The IFC, which is the private sector arm of the World Bank, bought shares in Lonmin in 2007, in spite of opposition from some IFC executives who thought taking a stake in a publicly listed company was inappropriate. The IFC also extended a $100 million loan to Lonmin but that was never taken up.
IFC clients are required to have “appropriate” labour policies, to communicate directly with workers about working conditions, to respect collective bargaining agreements, to provide grievance mechanisms and to develop plans to minimise the effects of retrenchments.
But the ombudsman’s report suggests that the IFC failed to monitor Lonmin’s compliance with these and other requirements between 2007 and 2012. Among other things, the ombudsman raised concerns about:
the IFC’s response to Lonmin’s dismissal of 9,000 employees in 2011
the limited discussion between the IFC and Lonmin over worker-management relationships
the IFC’s response to the death of one employee and assault of five others on their way to work in April 2012
the adequacy of IFC reports after visits to Lonmin, especially since sections of some of the reports seemed to have been copied from previous years.

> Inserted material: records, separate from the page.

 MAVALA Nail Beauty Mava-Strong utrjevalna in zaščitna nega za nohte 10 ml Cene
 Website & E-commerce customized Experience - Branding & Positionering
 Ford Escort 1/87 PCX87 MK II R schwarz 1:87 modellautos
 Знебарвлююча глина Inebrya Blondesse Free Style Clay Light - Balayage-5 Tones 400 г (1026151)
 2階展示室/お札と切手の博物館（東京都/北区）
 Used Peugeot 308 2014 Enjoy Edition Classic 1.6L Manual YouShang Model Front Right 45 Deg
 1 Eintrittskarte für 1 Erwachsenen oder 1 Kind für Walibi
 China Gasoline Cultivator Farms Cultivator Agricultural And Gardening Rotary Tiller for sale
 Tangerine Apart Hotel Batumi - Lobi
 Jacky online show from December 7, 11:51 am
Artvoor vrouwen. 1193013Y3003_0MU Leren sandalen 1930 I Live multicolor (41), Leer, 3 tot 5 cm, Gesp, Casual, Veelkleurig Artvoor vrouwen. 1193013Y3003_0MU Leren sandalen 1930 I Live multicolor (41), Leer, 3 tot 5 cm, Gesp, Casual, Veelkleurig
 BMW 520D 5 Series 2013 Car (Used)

In general, it seems, neither the IFC evaluation teams nor the World Bank’s own evaluation team, which reported in June 2012, had much to say about employment issues at Lonmin in the run-up to the events in August.
After the killings, the IFC team “noted violence at Lonmin occurring in the context of increasing tensions between rival unions in the mining sector in South Africa, mines being shut down, worker lay-offs and declining workers’ bonuses”.
In December 2012, like almost all its other shareholders, the IFC took up additional shares in Lonmin through a rights issue (the offer of additional shares to existing shareholders in order to raise funds at a discount - in this case 45 % - to the ruling stock exchange price).
Lonmin said at the time that the US$817 million rights issue was necessary to help the company get back to “normalised” production, allow it to invest and reduce its debt. Without this money, Lonmin said, the company did not have enough working capital to cover 12 months of production.
Asked about the decision to invest more money in Lonmin so soon after the August 2012 killings, an IFC spokesman said the IFC had “addressed issues” with Lonmin and “supported its funding requirements to maintain operations in the wake of tragic events in 2012”.
“Support was intended to help all parties work toward solutions to issues that have affected an important national industry and more than 30,000 Lonmin workers, whose families have depended on income from their mines.”
“IFC encourages Lonmin and other parties to cooperate with the investigation of events of August 2012 through the Farlam Commission, which has not yet concluded its findings,” the spokesman said.
He said the IFC carefully considered the findings of the ombudsman “and draws lessons from them”.